Knepprath sits in the far corner behind a counter among his employees while he explains how to use his Web site to a customer over the phone.
“They have to be done in the same order,” he bellows into the phone, his booming voice drowning out the voices of the other employees in the front office.
Knepprath shuffles through the shop into the back rooms, past the printers and up the stairs to his office.
“[The t-shirt has] always been a walking billboard,” says the owner of T-Shirt Pros David K’s T-shirt Printing. He is 53, short, white haired and wears a long-sleeved navy blue polo, khaki cargo pants and brown hiking shoes.
Silk screening inks, Knepprath says, are the likely reason that t-shirts gained popularity in the 1960s, allowing them to become universal billboards and symbols of a consumer society. He’s clear, though: he’d never wear a billboard he didn’t want to promote or pay to advertise for someone else.
“I’d never wear a Nike or a Reebok,” he says.
Twenty years ago, when Knepprath started T-shirt Pros, “Everything was American made–Hanes, Fruit of the Loom–they were all made in U.S.” he said. During his time in the business, Knepprath has dealt with most of the changes in the t-shirt industry firsthand. So, what happened?
“Can you say NAFTA?” he chuckles. “Now none of them are [American made], except for American Apparel.”
When Knepprath started T-Shirt Pros, a white Hanes Beefy-T cost him $3. Before the North American Free Trade Agreement, the imported stuff was “junk,” he says. Today, one shirt costs $1.75 because it is no longer made domestically but is still much superior in quality than it was 30 years ago. That was when he bought his first emulsion printing kit from Aaron Brothers. Knepprath had never taken an art class; silk screen printing was just a creative outlet for the then advertising exec.
“I was able to go from concept to my own product,” Knepprath says. “I could do it all. I was consumed by it.” This was his form of American Apparel’s vertical integration model. He later built his own one-color screen printing press, set up shop in his kitchen and cured the t-shirts in his oven before finally starting his company in 1989. He now owns two large printing presses that can screen up to 12 ink colors onto one item. His clientele varies but all customers have to place a minimum order of 24 shirts to use his services. Knepprath’s largest order to date has been for 75,000 t-shirts for the St.
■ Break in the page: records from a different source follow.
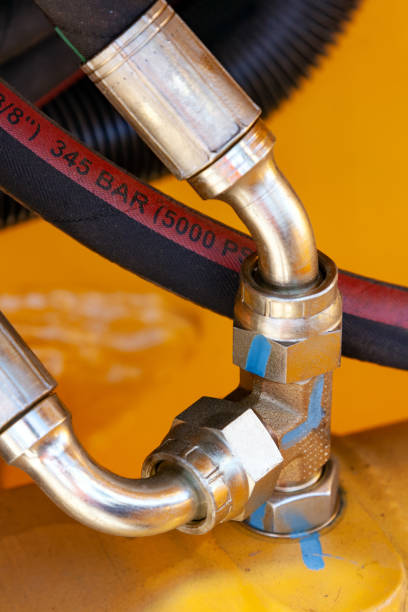 istock Hydraulic Couplings and Hoses 1141415784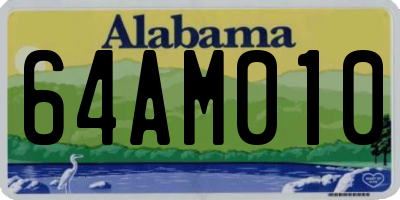 AL license plate 64AM010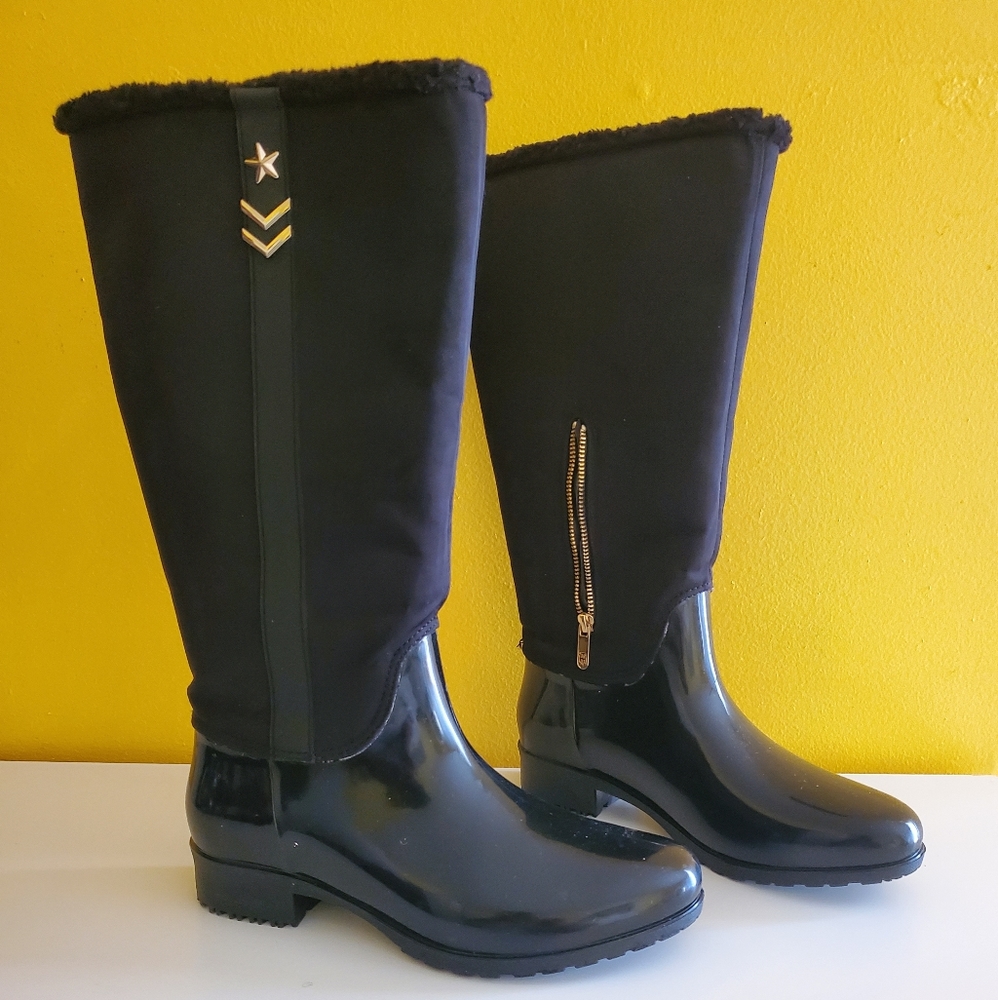 Tommy Hilfiger Rain Boots, Size 9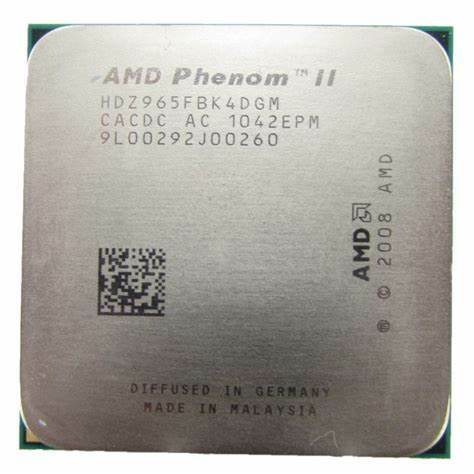 AMD Phenom II X4 965 Quad-Core 3.4 GHz HDZ965FBK4DGM Socket AM3 CPU Processors - Picture 3 of 4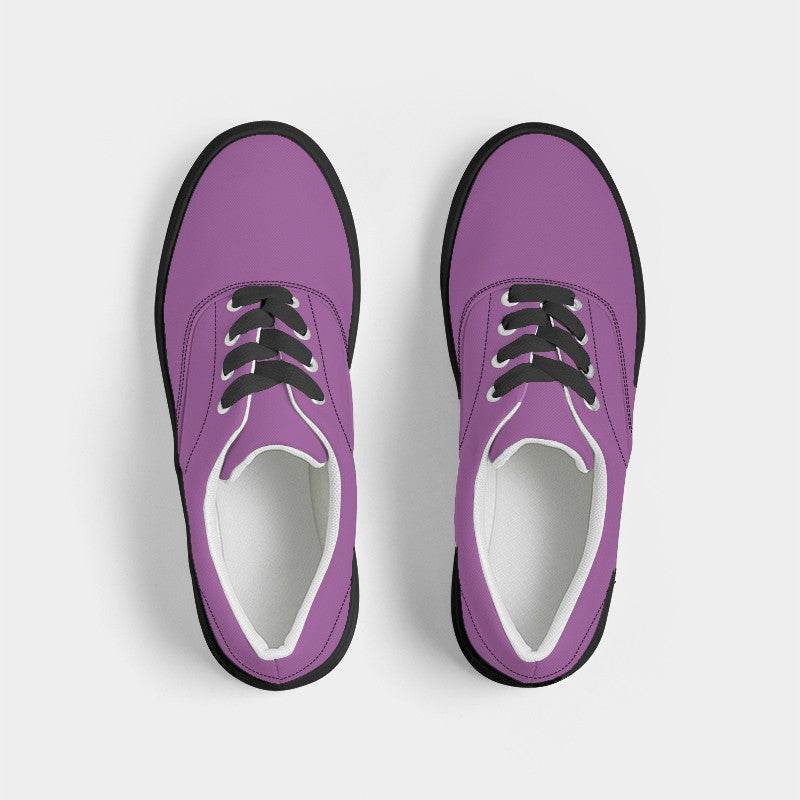 Medium-Light Medium Magenta Women's Canvas Sneakers (M-ME-ML) - Top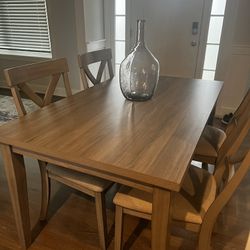 Dining Table With Four Chairs.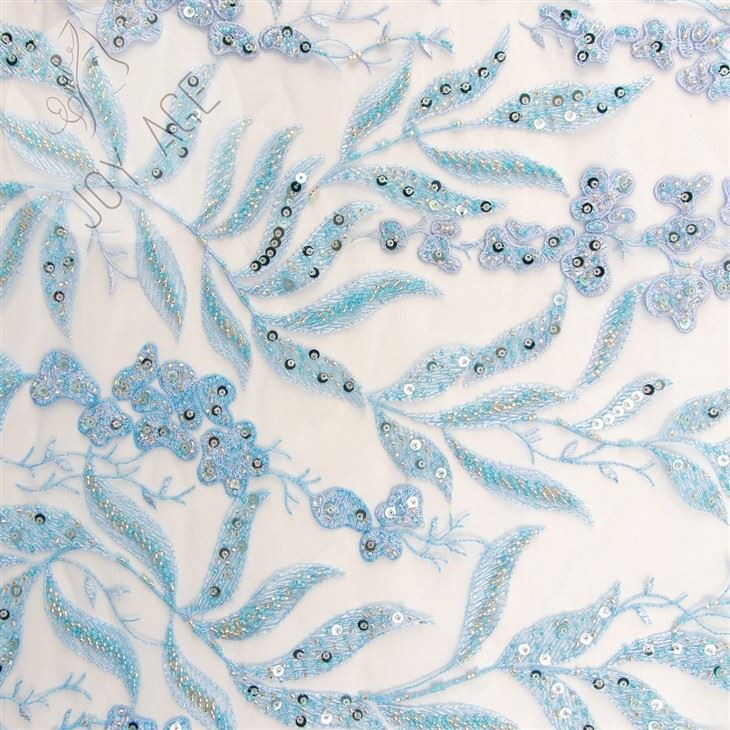 Beaded Lace Fabric For Sale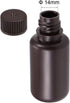 uxcell Plastic Lab Chemical Reagent Bottle 50ml/1.7oz Small Mouth Sample Sealing Liquid Storage Container Brown 5pcs...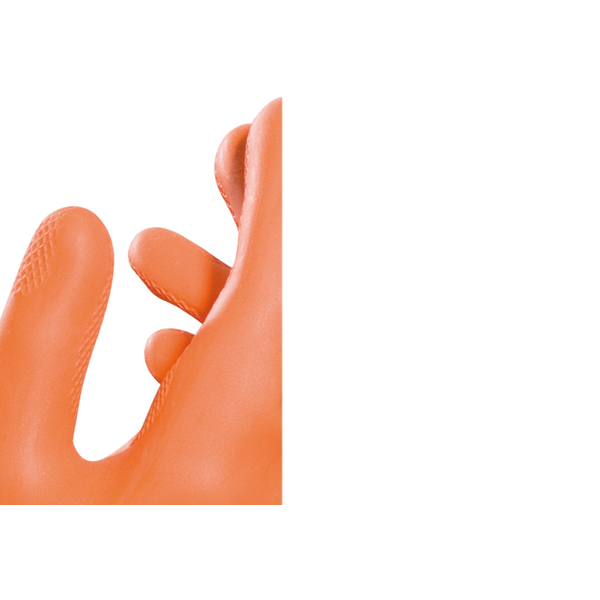Mapa Professional, Alto 299, Chemical Gloves, Latex, Orange, 31cm
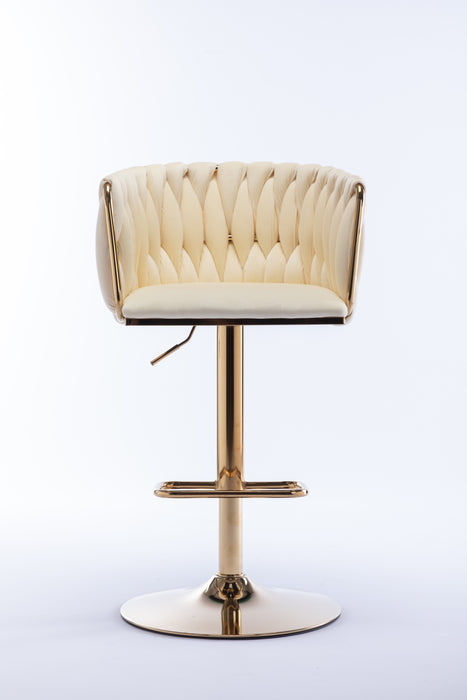 Set of 2 Bar Stools/ Ivory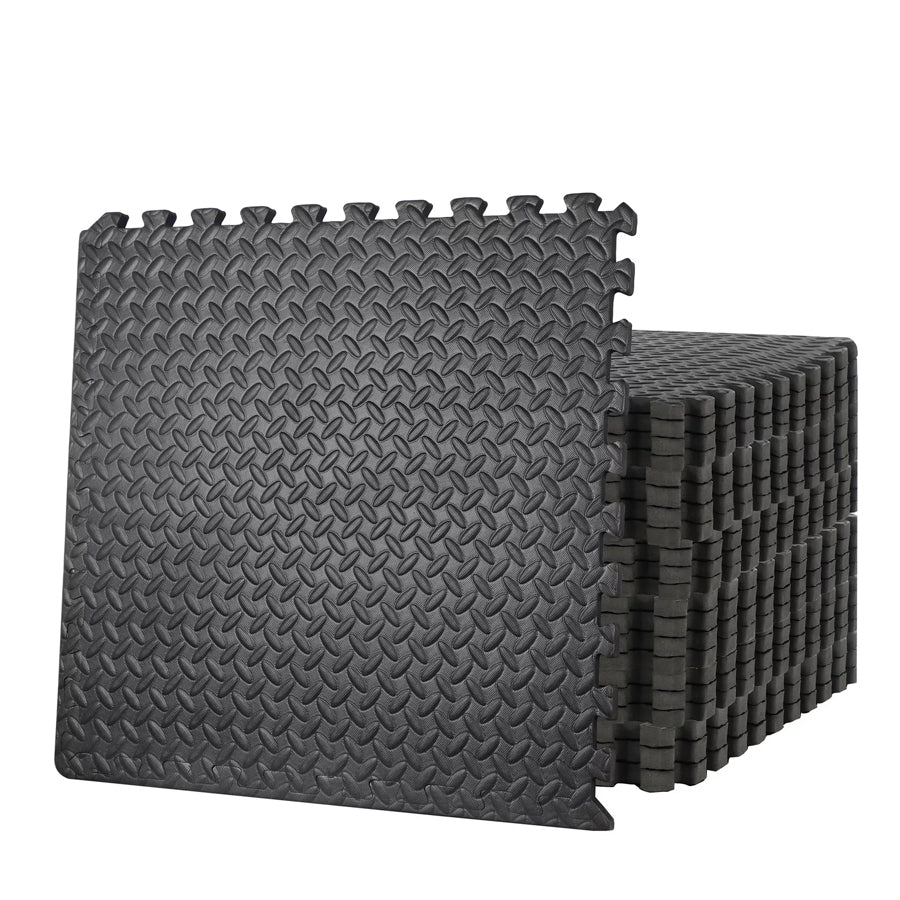Premium 10mm EVA Foam Interlocking Puzzle Exercise Mats - Protective Home Gym Flooring - Non-Slip Rubber Surface Tiles for Workouts - Customisable High-Density Gym Floor Mats for Weightlifting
Baldrick’s Foundation. “I wish every order was like that,” he said later.
Sitting behind his desk, which is splayed with prints, documents and letters, Knepprath rocks back and forth in his leather chair beaming with excitement. A cork board rests on the wall by his desk tacked with newspaper clippings, decals and postcards. The faint whining of the press churning downstairs is drowned out by his laugh when he remembers some of the ridiculous things people have asked him to do with t-shirts.
In 2000, he said stylists working on “The Mexican” film brought him a fitted tee that Brad Pitt was supposed to wear in the movie.
Knepprath leans forward in his chair and his blue eyes bulge. He begins to speak slowly but his voice is still amplified.
“It was black, long-sleeved and from Barney’s!” he yells, incredulity at the shirt’s lackluster appearance dripping from every word. And the kicker: the shirt cost $80 and came with care instructions for the consumer to properly scrunch it up so that it would maintain its unique crinkliness.
Knepprath also witnesses demand for shirts almost daily. The past two years when the Lakers were playing in the championships, Knepprath said he had a 10-person crew stay at the Culver City print shop overnight. They watched the final game and prepped thousands of t-shirts immediately proclaiming that the Lakers had indeed won the championship in just a couple of hours.
“It’s a lot of responsibility because it’s a timely thing,” Knepprath says. “As soon as they win, we’re like: okay, start the presses!”
He supplied the shirts to sporting good stores, which all had different pickup times throughout the night, so that the shirts would be in stores the next morning. Sports fans, he believes, can be just as bad as fashionistas.
“Sports uniforms have three different styles: home, away and an alternate jerseys they use. And they change every few years and you have to go buy it,” Knepprath says, still rocking in his chair. “If you’re a big sports fan you gotta follow along.”